▶ **Given material**:
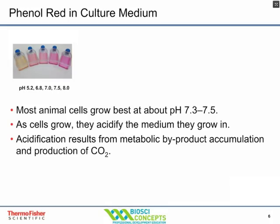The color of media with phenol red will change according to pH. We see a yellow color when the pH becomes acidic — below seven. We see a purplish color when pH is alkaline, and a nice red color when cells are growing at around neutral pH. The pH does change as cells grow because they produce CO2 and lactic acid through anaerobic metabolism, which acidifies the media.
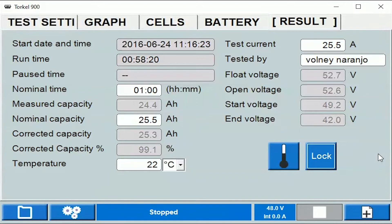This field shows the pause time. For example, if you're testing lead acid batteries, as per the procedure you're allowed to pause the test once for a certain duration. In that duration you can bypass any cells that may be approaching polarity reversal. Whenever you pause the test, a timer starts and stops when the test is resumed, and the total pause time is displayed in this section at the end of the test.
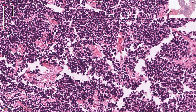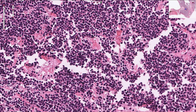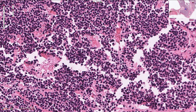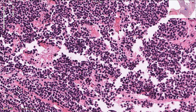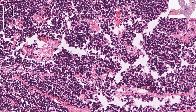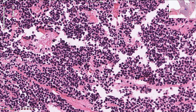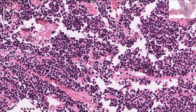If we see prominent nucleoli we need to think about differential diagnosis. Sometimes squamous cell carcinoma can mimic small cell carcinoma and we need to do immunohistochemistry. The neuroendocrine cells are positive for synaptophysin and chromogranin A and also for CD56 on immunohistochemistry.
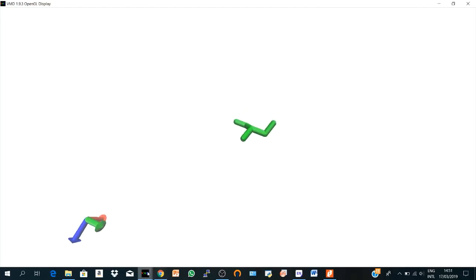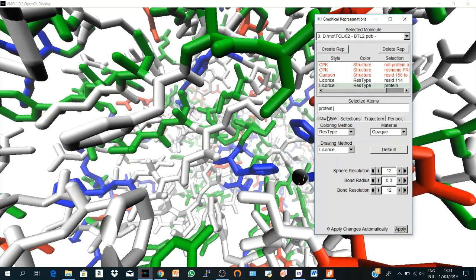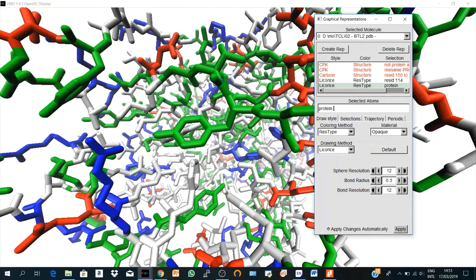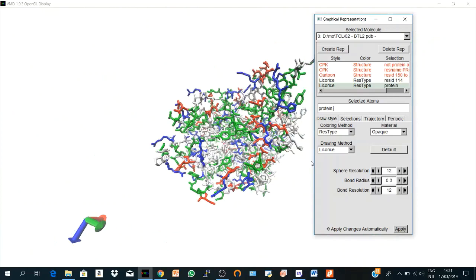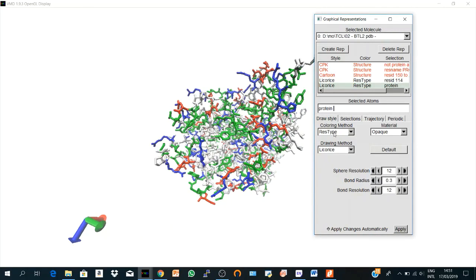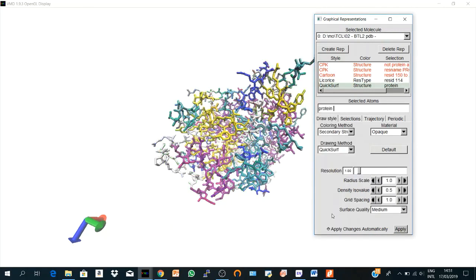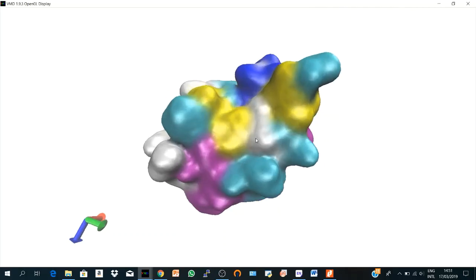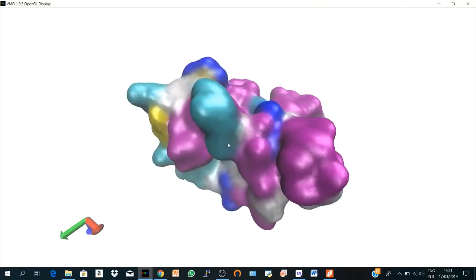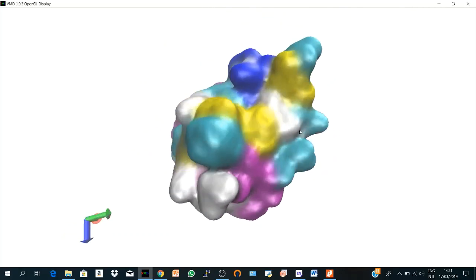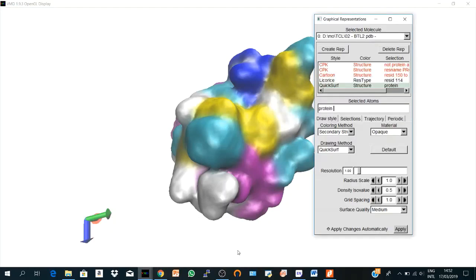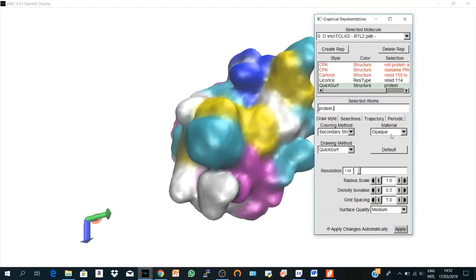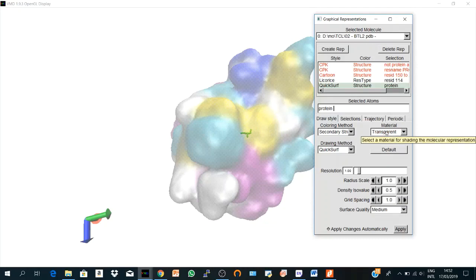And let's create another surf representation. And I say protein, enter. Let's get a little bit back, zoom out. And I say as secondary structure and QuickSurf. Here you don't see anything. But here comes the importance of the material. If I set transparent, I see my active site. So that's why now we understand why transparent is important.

▶ **Try it**:
In the data above, the line containing "If we see prominent" and all lines after it are to be reproduced exactly, leaving out the pictures.

▶ **Answer to this task**:
If we see prominent nucleoli we need to think about differential diagnosis. Sometimes squamous cell carcinoma can mimic small cell carcinoma and we need to do immunohistochemistry. The neuroendocrine cells are positive for synaptophysin and chromogranin A and also for CD56 on immunohistochemistry.
And let's create another surf representation. And I say protein, enter. Let's get a little bit back, zoom out. And I say as secondary structure and QuickSurf. Here you don't see anything. But here comes the importance of the material. If I set transparent, I see my active site. So that's why now we understand why transparent is important.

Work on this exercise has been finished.